Pour moi c’est trop tard : je suis déjà contaminée. Mais il est encore temps de ne pas vous intéresser à l’actualité de la moitié de la population mondiale car je préfère vous prévenir : être féministe, tu sais, c’est pas si facile. Être raciste ou homophobe, par exemple, c’est nettement plus peinard.
Vendredi 21 septembre

J’étais partie pour consacrer la première newsletter de #TGIF à cette histoire de prénoms français ou pas français soulevée sur le plateau de « Salut les Terriens » dimanche dernier par Eric Zemmour, ma muse, qui a reproché à Hapsatou Sy de ne pas s’appeler Corrine – déjà qu’elle est noire et femme, c’est vrai qu’elle abuse un peu… Je ne regarde pas « Salut les Terriens » car 1/ je n’arrive pas à allumer la télé, il y a trop de télécommandes, 2/ Thierry Ardisson et Eric Zemmour ont le même effet sur mon estomac qu’une promenade en bateau un matin de gueule de bois, mais puisque ces deux méchants de dessin animé se sont répandus jusque sur mes réseaux sociaux et ont donc éclaboussé mon esprit, je me devais d’intervenir.

Choisir le prénom de ses enfants dans le calendrier chrétien ou celui des dieux du stade, telle devait être ma question.
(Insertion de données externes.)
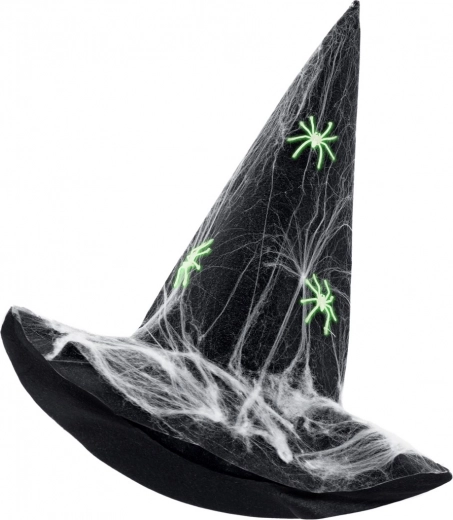 Witch Hat with Cobweb and Glowing Spiders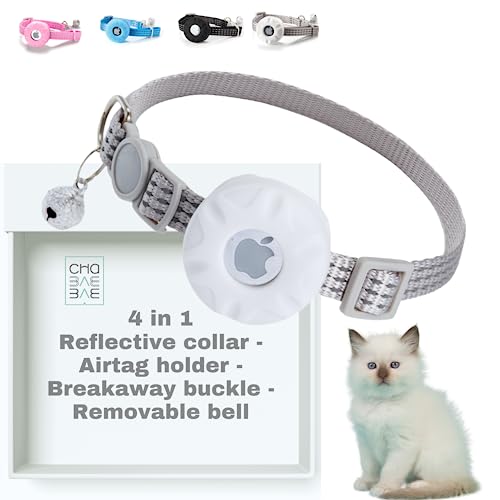 CHABAEBAE 4 in 1 Comfy Airtag Katzenhalsbandhalter, reflektierendes Katzenhalsband mit Breakaway & Abnehmbarer Glocke | Air Tag Haustier Halsband für Katzen | Katzenhalsband für Airtag von CHABAEBAE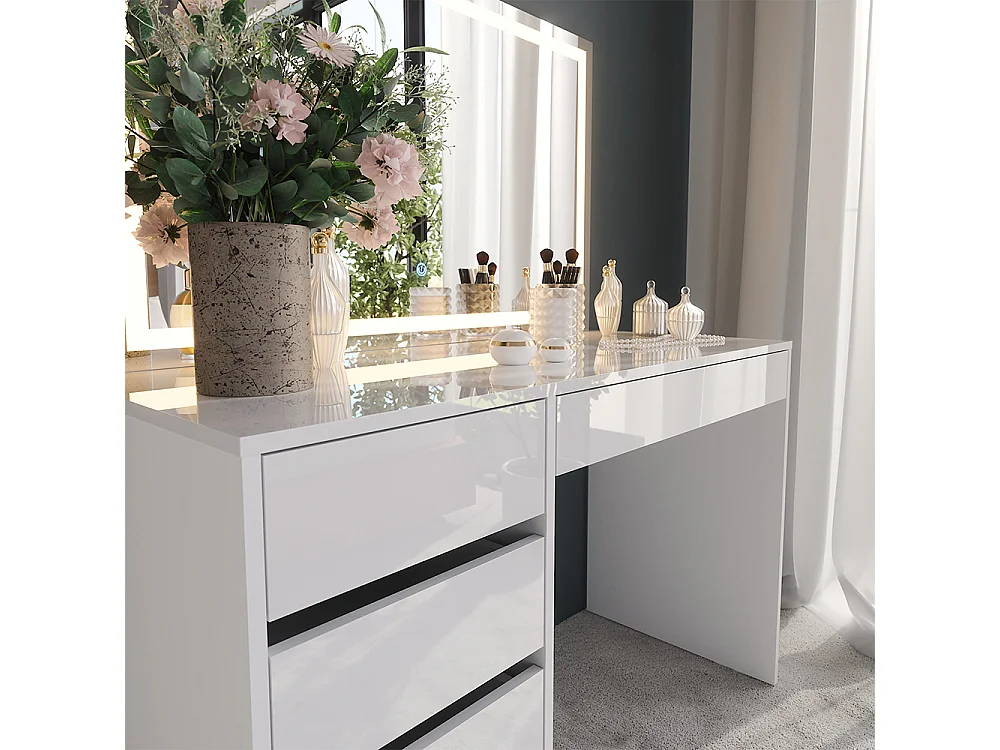 Kaptafel met licht wit/wit hoogglans 119.8x50.1x76 sherry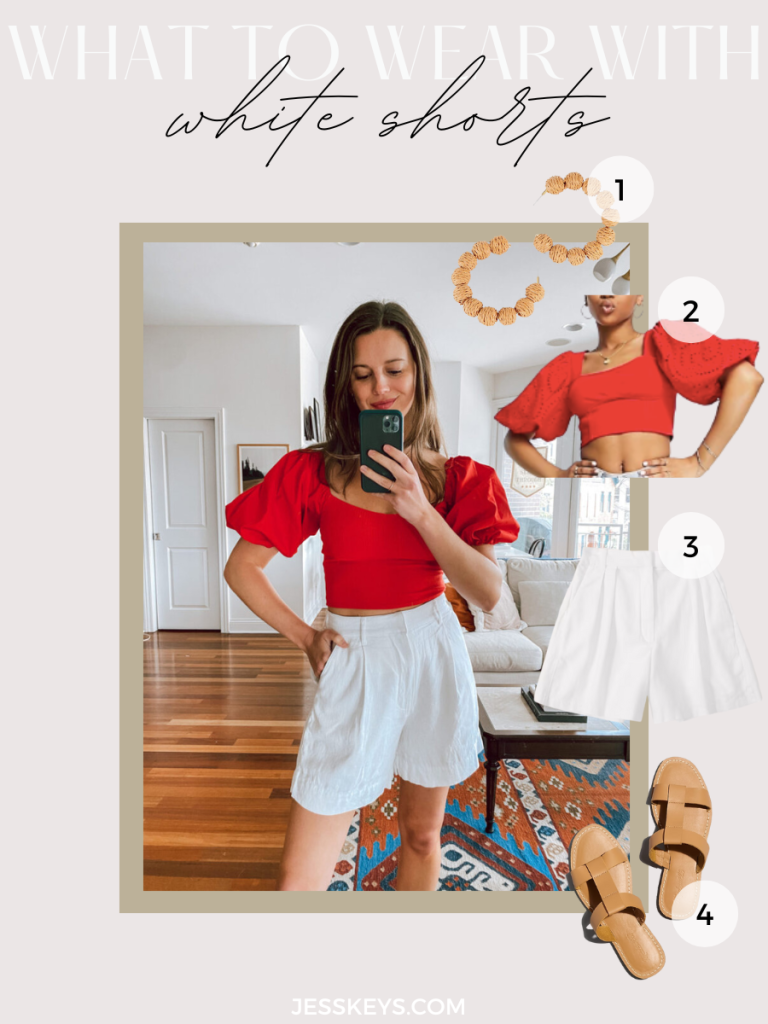 puff sleeve top and white shorts What to wear with white shorts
J’avais donc prévu de vous parler du mien, de prénom, un prénom étranger et 100% païen mais qui a le mérite de sonner blanc et CSP+, j’allais philosopher sur la tristesse d’une France uniforme et beige où tout le monde s’appelerait Patrick ou Ildefonse (23 janvier) tout en me disant que ça ne doit pas être évident tous les jours de s’appeler Ildefonse, quand j’ai reçu ce message sur Instagram : « Trop dommage que tu sois devenue féministe, j’aimais bien ton blog avant.

S’il avait été isolé, je ne l’aurais sans doute pas mentionné ici, mais il se trouve que les posts que je laisse régulièrement sur Facebook ou Instagram parmi d’autres plus ou moins personnels, cette conversion au dogme de l’égalité hommes-femmes (#henriIV) que j’affiche publiquement inquiètent un certain nombre de mes lectrices fidèles – les lecteurs se sont massivement barrés, comme si l’exposition à mes posts risquait de leur abîmer la prostate.

Il me semble donc nécessaire de faire un point sur le f…. le fémi… le « F word », comme disent les américains lorsqu’ils veulent dire « Fuck » poliment. Comment ça s’attrape, est-ce que ça fait mal, faut-il se faire vacciner, quel traitement suivre en cas de contamination, peut-on vivre avec le féminisme, peut-on continuer d’avoir des rapports normaux voire sexuels avec les hommes ?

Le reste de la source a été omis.